> [Task item] Strip out the pictures and output each remaining line of the data word for word.

> [Dataset extract]
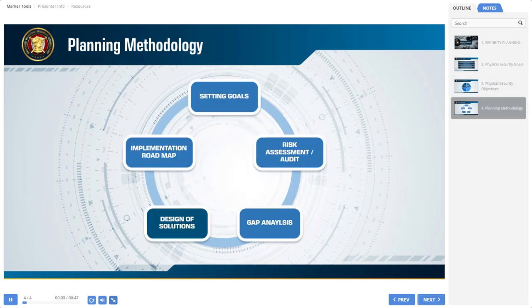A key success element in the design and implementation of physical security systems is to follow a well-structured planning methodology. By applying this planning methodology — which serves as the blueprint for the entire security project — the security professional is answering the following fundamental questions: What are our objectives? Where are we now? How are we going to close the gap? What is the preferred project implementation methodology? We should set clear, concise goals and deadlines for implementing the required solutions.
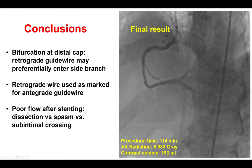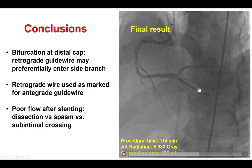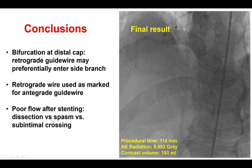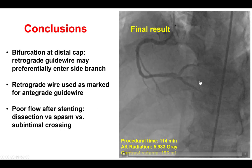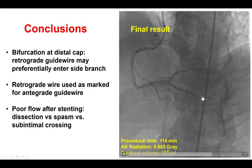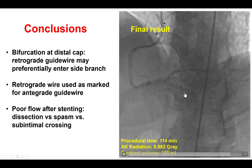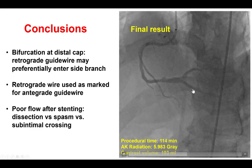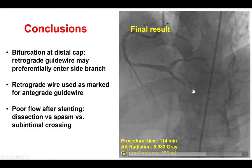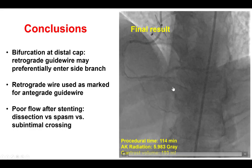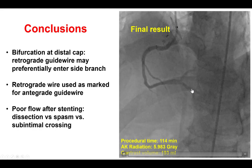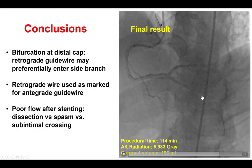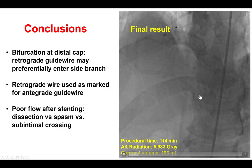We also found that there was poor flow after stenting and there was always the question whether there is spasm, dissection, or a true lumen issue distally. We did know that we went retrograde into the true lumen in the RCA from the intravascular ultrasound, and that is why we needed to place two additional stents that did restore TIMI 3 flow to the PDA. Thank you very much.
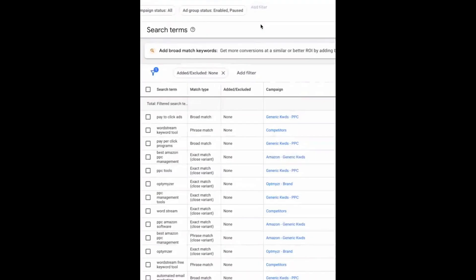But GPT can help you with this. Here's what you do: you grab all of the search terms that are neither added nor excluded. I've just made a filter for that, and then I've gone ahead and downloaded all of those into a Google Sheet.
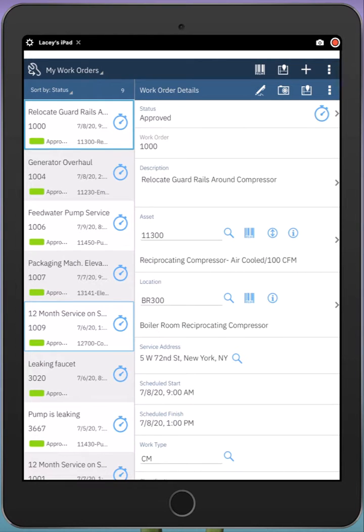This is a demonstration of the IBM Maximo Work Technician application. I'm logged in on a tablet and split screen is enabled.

> [Problem solution]
A key success element in the design and implementation of physical security systems is to follow a well-structured planning methodology. By applying this planning methodology — which serves as the blueprint for the entire security project — the security professional is answering the following fundamental questions: What are our objectives? Where are we now? How are we going to close the gap? What is the preferred project implementation methodology? We should set clear, concise goals and deadlines for implementing the required solutions.
We also found that there was poor flow after stenting and there was always the question whether there is spasm, dissection, or a true lumen issue distally. We did know that we went retrograde into the true lumen in the RCA from the intravascular ultrasound, and that is why we needed to place two additional stents that did restore TIMI 3 flow to the PDA. Thank you very much.
But GPT can help you with this. Here's what you do: you grab all of the search terms that are neither added nor excluded. I've just made a filter for that, and then I've gone ahead and downloaded all of those into a Google Sheet.
This is a demonstration of the IBM Maximo Work Technician application. I'm logged in on a tablet and split screen is enabled.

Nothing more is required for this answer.